ミニシアター系話題作続々 シネマクレール浜田支配人に聞く 

『ワース 命の値段』の一場面(c)2020 WILW Holdings LLC. All Rights Reserved.

 アニメ作品を中心に大ヒットが相次ぐ映画界。ミニシアター系でも今後、話題作が続々と上映される。シネマ・クレール丸の内(岡山市北区丸の内)の浜田高夫支配人に必見の作品を聞いた。

 お勧めは「ブラック・スワン」のダーレン・アロノフスキー監督の最新作「ザ・ホエール」(4月)。死期を悟った肥満症の男が、病の原因となったトラウマと向き合うことを決意し、疎遠となっていた娘との絆を取り戻そうとする物語。深い悲しみを抱えた270キロの巨漢を演じたのは、長らく表舞台から身を引いていたブレンダン・フレイザー。米アカデミー賞で主演男優賞など3部門にノミネートされている。
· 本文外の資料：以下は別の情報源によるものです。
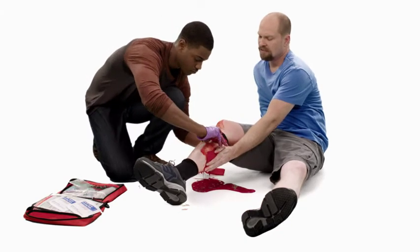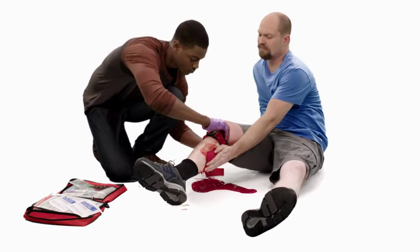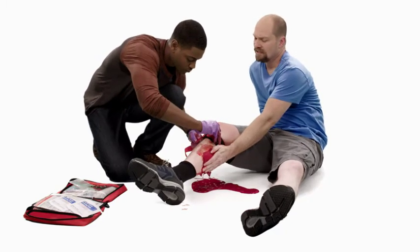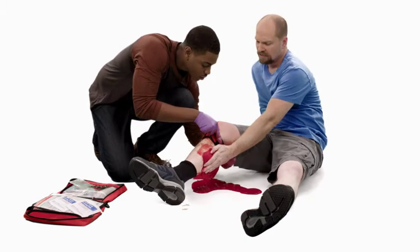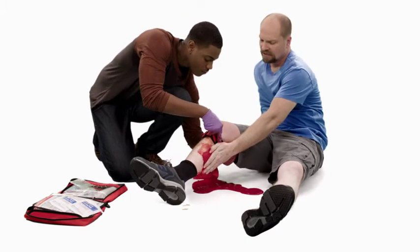Tighten the tourniquet by twisting the rod until the flow of bright red blood stops. Then, secure the rod in place using the clip or holder.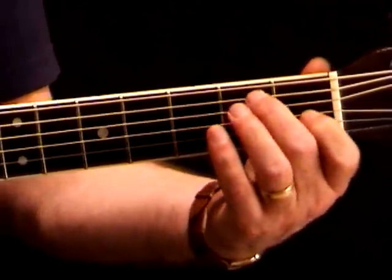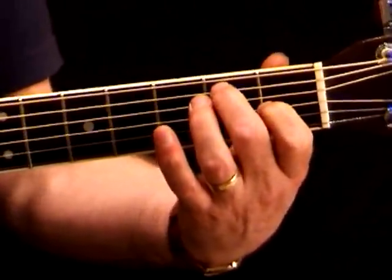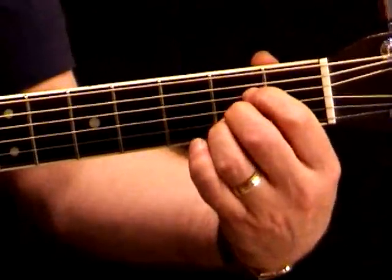Pay special attention to the E7 because we're going to be using that one quite a lot in our blues — and of course the A as well.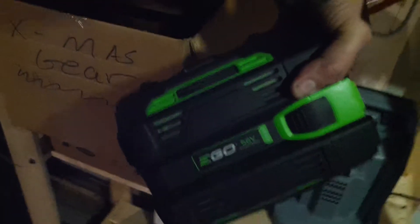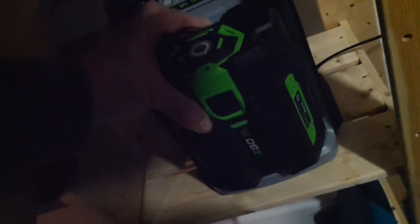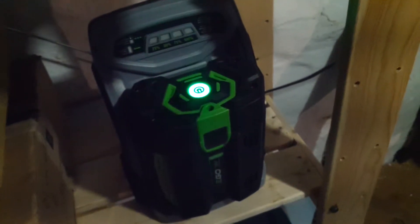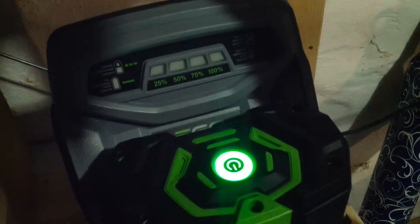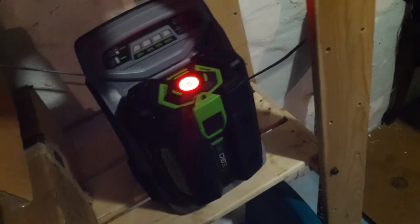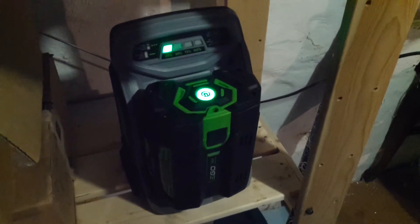This is the EGO 56-volt battery. It's pretty simple — you plug it in, it's got fan cooling. It has a really good indicator light so you know exactly how much charge you've got in there. And that's it — you can hear the fan going.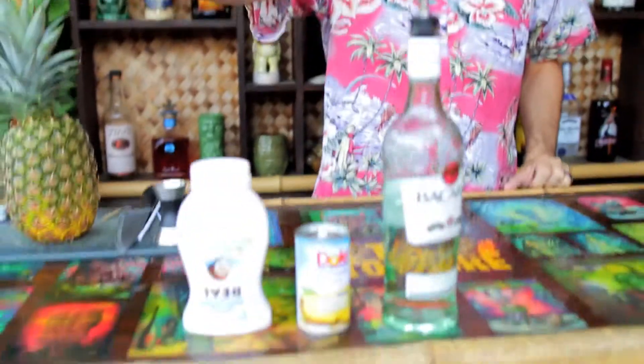Oh hey girl or guy, today we're gonna escape with a piña colada. Here's what you're gonna need.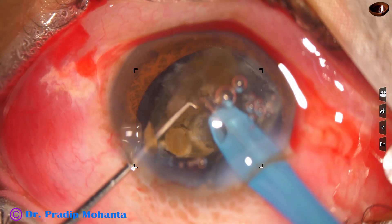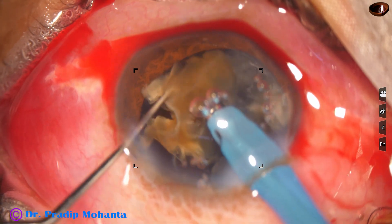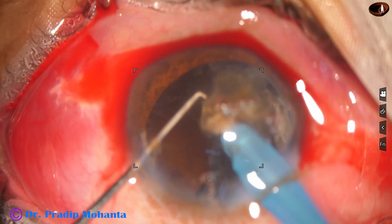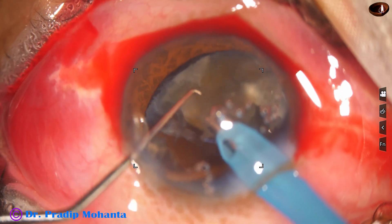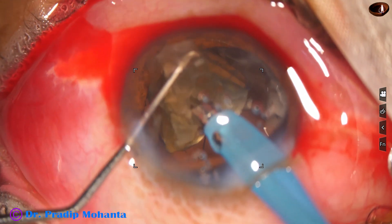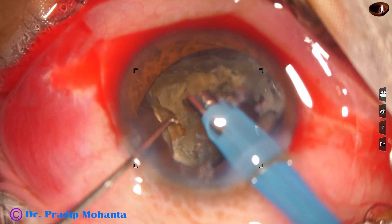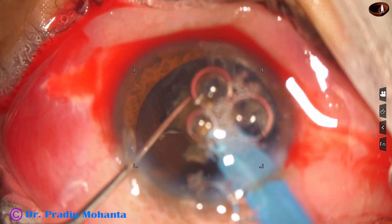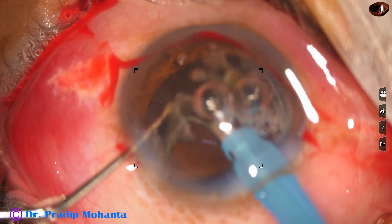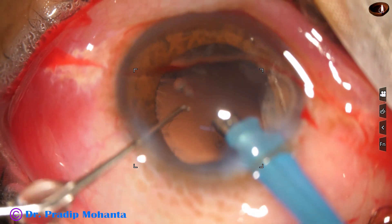Emulsification is done in continuous mode but the ultrasound is applied intermittently. This is the base — the last nuclear base. At this time it is safer to scaffold if our intuition says so, or if we see that the posterior capsule is coming forward. But in this case I find that the posterior capsule is pushed far back, so I emulsify the base. At this time, the parameters are also reduced. This is the last piece of the nucleus — it is emulsified.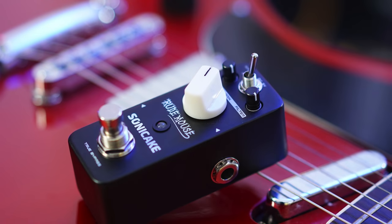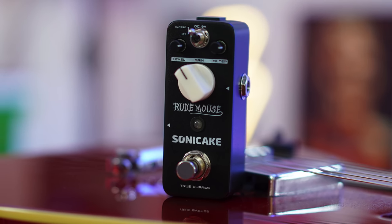Thanks for watching — a massive thank you to Sonic Cake for sending this out for review. In terms of overall tones, I think it does a really great job at replicating that classic Rat distortion pedal. If you're looking for that on a budget, this would be a really great choice. The build quality really shocked me — the pots have high tension and feel great. The toggle switch feels really firm. For the price, it's a good deal. The only thing to note is there's no battery compartment, so you'll need a power supply. If you like the tone, it does the job.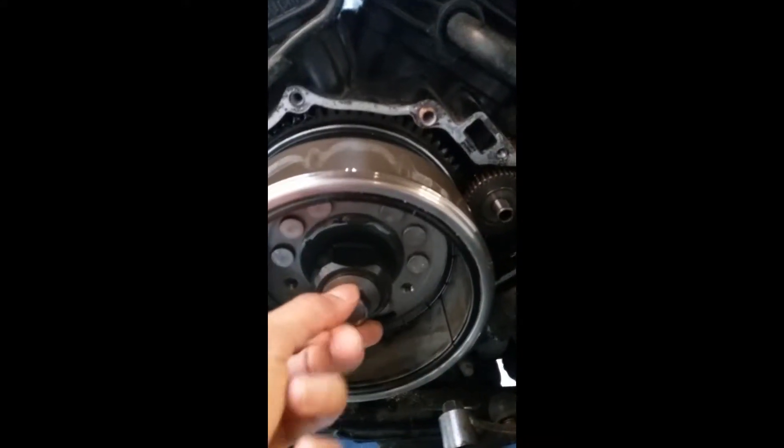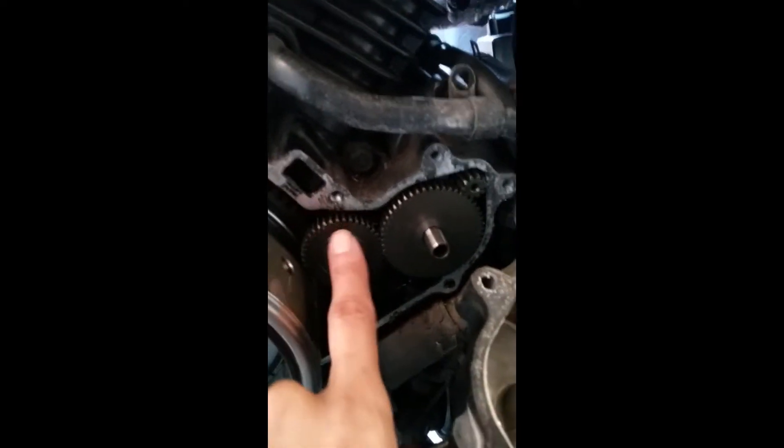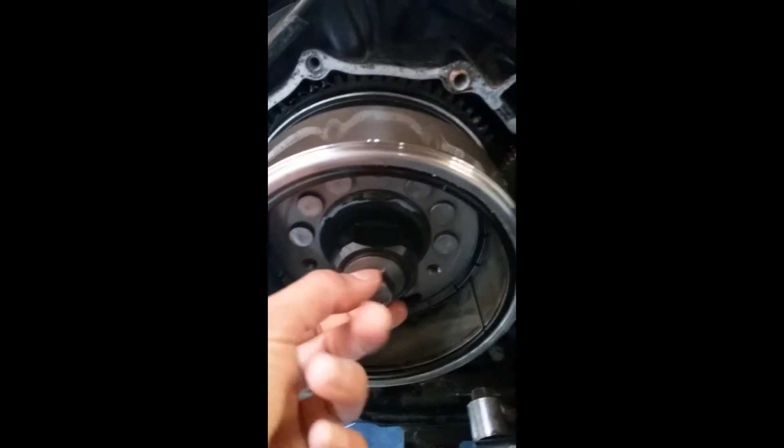Let me just show you guys. Here is the left side of the engine — that's opened — and this is the bolt that was loose. This gear was a little bit out, so I pushed it in and tightened this bolt down.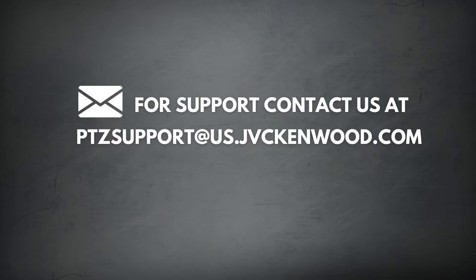If you have any further questions, please contact us via email at ptzsupport@us.jvckenwood.com.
 「逆転のトライアングル」(3月)は、セレブモデルらを乗せた豪華客船が難破し無人島に漂着。そこで頂点に立ったのは、サバイバル能力抜群な船のトイレ清掃員だった―と、現代の階級社会やルッキズム(外見至上主義)を痛烈に皮肉る。カンヌ国際映画祭で最高賞パルムドールを受賞した話題作だ。

 見応えがあるドキュメンタリーも相次ぐ。「モリコーネ 映画が恋した音楽家」(2月)は、多くの映画音楽を手がけた巨匠の人生や創作の秘密に迫る。「ミスター・ランズベルギス」(同)は、初代リトアニア最高会議議長として独立運動を率いたランズベルギスに焦点を当て、小国がいかに旧ソ連からの軍事侵攻に“非暴力”で立ち向かい勝利したのかを映し出す。

 9.11同時多発テロの被害者遺族への補償金分配という難題に挑んだ弁護士をモデルにした「WORTH 命の値段」(2月)、チャイ売りの少年が映画に魅せられ監督になる…という監督自身の物語を作品化したインド映画「エンドロールのつづき」(3月)などもある。浜田支配人は「今の時代に見るべき社会派のものから、至福の時間を味わわせてくれる楽しい作品までそろっている。ぜひ足を運んで見てほしい」と話している。